Tuesday, March 26, 2013

Let Another Man's Lips Praise Thee?


Tuesday 3/28/2013 6:11 AM
My devotional theme for the week is liberty.  The prayers in my devotional book suggest that I pray for delivery from bondage to worries, habits and desires, good suggestions to be sure.  My assigned reading includes Colossians 2:18-19, “Do not let anyone who delights in false humility and the worship of angels disqualify you.  Such a person also goes into great detail about what they have seen; they are puffed up with idle notions by their unspiritual mind.  They have lost connection with the head, from whom the whole body, supported and held together by its ligaments and sinews, grows as God causes it to grow.”  This verse made me think about my need for the praise of others.  As a child I remember hearing people quote Proverbs 27:2, “Let another man’s lips praise thee, and not thine own.”  I think the verse is a warning against pride but I internalized it and it turned into an unhealthy need for the approval of others.

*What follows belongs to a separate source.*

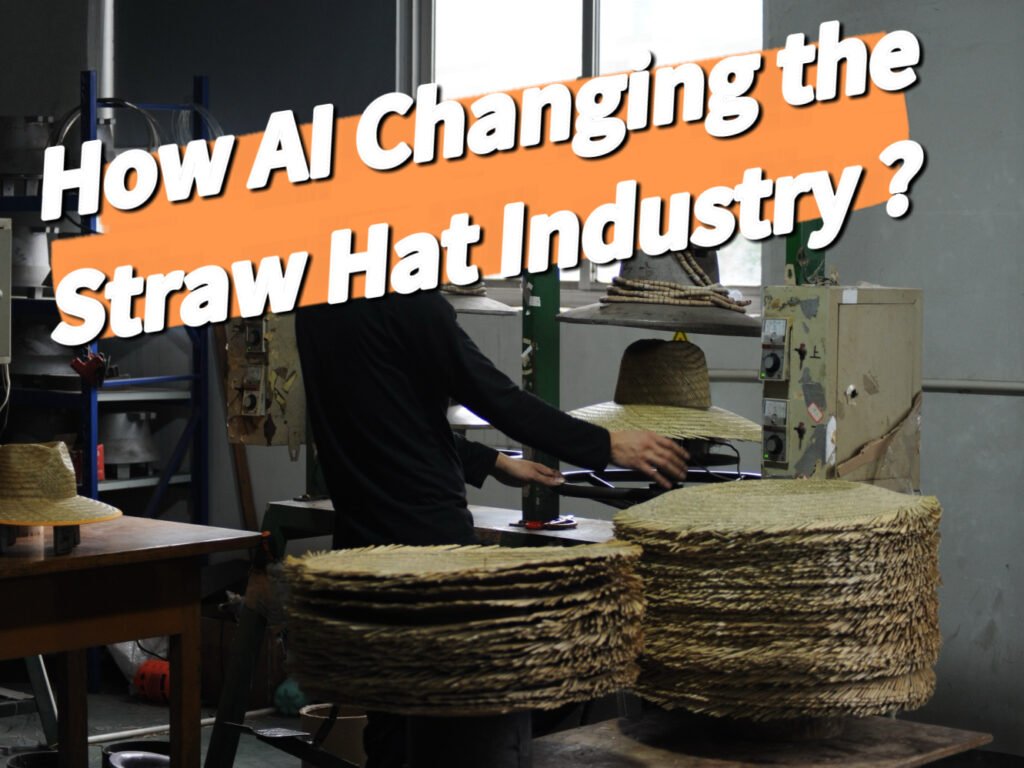 Straw hat production line showing machine shaping and stacked straw hat bodies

Sunday morning after church a woman told me her husband appreciated my comments in our Wednesday evening men’s Bible study.  I’m not exactly sure what she was referring to but I like to play the devil’s advocate in a group of like-minded people.  In groups like that it is easy to give a “churchy” answer to a question and then move on to the next question.  I want people to wrestle with the hard issues of life that often don’t have simple answers, the things that people struggle with every day to whom Christians often quote a simple verse and move on.  Sometimes I wonder why I am so drawn to playing that role.  Is it to make people wrestle with the issues or is it so that I can appear to be a deep thinker, someone in tune with the heart of God?
The verse above serves as a warning to me that I make sure that I don’t lose my connection to Christ, the head of his body, the church.  My desire for the praise of others and my desire to be seen as an intellectual or a deep thinker could easily drive me to invent clever scenarios or stories that make me appear smart but have little to do with the growth of others in their faith.  Lord, set me free from the need for praise from others.